His ribbons look taped on.

But they can’t go directly from New Mexico to the moon in one shot, because that’s “still beyond the capacity of our best ships”, so they are using the space station as a jumping-off point for the moon mission. That actually makes scientific sense as you’d have to carry far less fuel onboard if you could skip the atmosphere part of the trip. About that space station, let‘s flesh it out a bit using the General‘s dialogue. It’s a circular “titanium hull with steel bracing”, “350 feet in diameter”, that’s in a “transpolar orbit” that rotates around the Earth about 10 times a day. If that stated size seems unreasonably big for the world’s first space station, it is. Skylab was just 90 feet long, the International Space Station is about 350 feet wide overall and around 240 feet long, but the great majority of those measurements are the solar panels, the actual habitable space is much smaller. A better equivalent for our movie’s 350-foot wide station would be the original USS Enterprise-A‘s saucer section, which was about 410 feet in diameter according to my Federation Technical Manual (yeah, I bought the hardcover edition, what’s it to you?). As far as the orbital speeds, the ISS races around the planet about 16 times each day, so that was a pretty nice guess. Anyway, my biggest problem is that it took a way-too-short amount of time to get that entire space station operational, just the four years from the first orbital flight to today. There’s virtually no way that would/could happen that fast, especially for an unproven first-in-class design in the still-largely-theoretical field of mechanical engineering in space.

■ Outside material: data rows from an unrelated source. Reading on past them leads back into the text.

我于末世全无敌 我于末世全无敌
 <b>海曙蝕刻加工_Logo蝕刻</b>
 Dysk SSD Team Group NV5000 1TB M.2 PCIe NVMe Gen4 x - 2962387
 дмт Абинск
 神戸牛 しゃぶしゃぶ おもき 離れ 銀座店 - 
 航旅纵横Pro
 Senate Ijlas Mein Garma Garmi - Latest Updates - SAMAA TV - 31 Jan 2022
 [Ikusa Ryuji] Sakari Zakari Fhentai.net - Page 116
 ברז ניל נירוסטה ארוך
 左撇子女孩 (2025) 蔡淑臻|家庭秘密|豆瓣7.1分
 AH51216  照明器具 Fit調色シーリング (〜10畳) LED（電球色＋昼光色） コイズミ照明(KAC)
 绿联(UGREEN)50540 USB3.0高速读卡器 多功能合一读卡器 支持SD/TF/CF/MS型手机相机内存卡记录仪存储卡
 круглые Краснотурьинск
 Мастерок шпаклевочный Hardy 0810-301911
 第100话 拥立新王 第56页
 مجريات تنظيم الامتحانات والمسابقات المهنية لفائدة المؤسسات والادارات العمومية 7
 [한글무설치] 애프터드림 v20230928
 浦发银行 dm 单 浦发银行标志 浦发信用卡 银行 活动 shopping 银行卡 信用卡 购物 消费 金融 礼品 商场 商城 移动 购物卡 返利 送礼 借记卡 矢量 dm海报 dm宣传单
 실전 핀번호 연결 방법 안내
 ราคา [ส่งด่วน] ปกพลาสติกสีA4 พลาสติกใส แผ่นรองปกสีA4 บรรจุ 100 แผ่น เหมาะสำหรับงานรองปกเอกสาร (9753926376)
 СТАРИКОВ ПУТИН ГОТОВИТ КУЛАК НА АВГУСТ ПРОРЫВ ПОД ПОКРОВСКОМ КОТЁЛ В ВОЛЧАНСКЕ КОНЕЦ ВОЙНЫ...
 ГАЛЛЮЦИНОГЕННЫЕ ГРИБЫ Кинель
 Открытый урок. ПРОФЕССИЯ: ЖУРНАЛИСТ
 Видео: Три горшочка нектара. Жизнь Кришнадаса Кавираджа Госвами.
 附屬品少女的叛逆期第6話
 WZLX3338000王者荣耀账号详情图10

The General has a model of it on his desk.

The General also rambles on about how it costs $300 a pound to send anything into Low Earth Orbit to the station (in “1970” dollars), an oddly specific budgetary aspect of an industry in its infancy in 1953. It’s also way, way, way off. Just a couple of years ago, in the waning days of the “economical” Space Shuttle, it was still $8,000 a pound in the cargo bay, though the Rooskies could (and still do) toss a pound up for under 2 bills on one of their Proton rockets. Commercial non-governmental space rockets should bring that down through competition, Space-X and Virgin in the front row, but it‘s still probably never going to cost in the hundreds to get a pound of anything into LEO. Furthermore, he says that the cost/weight ratio is why all of America’s astronauts have to tip in at a scrawny 160 pounds or less, forcing NASA to only pick wee little men with bulimia for its space program. Of course, even as I type that I recall that the Mercury 7 guidelines were 5’11” and 180 pounds, but that was totally because of the claustrophobic tightness of the Mercury capsules. The spacious interiors of our movie’s rockets should be able to carry some extra pudge (I should note that Doctor Werher is tall and bulky, way over 160 pounds).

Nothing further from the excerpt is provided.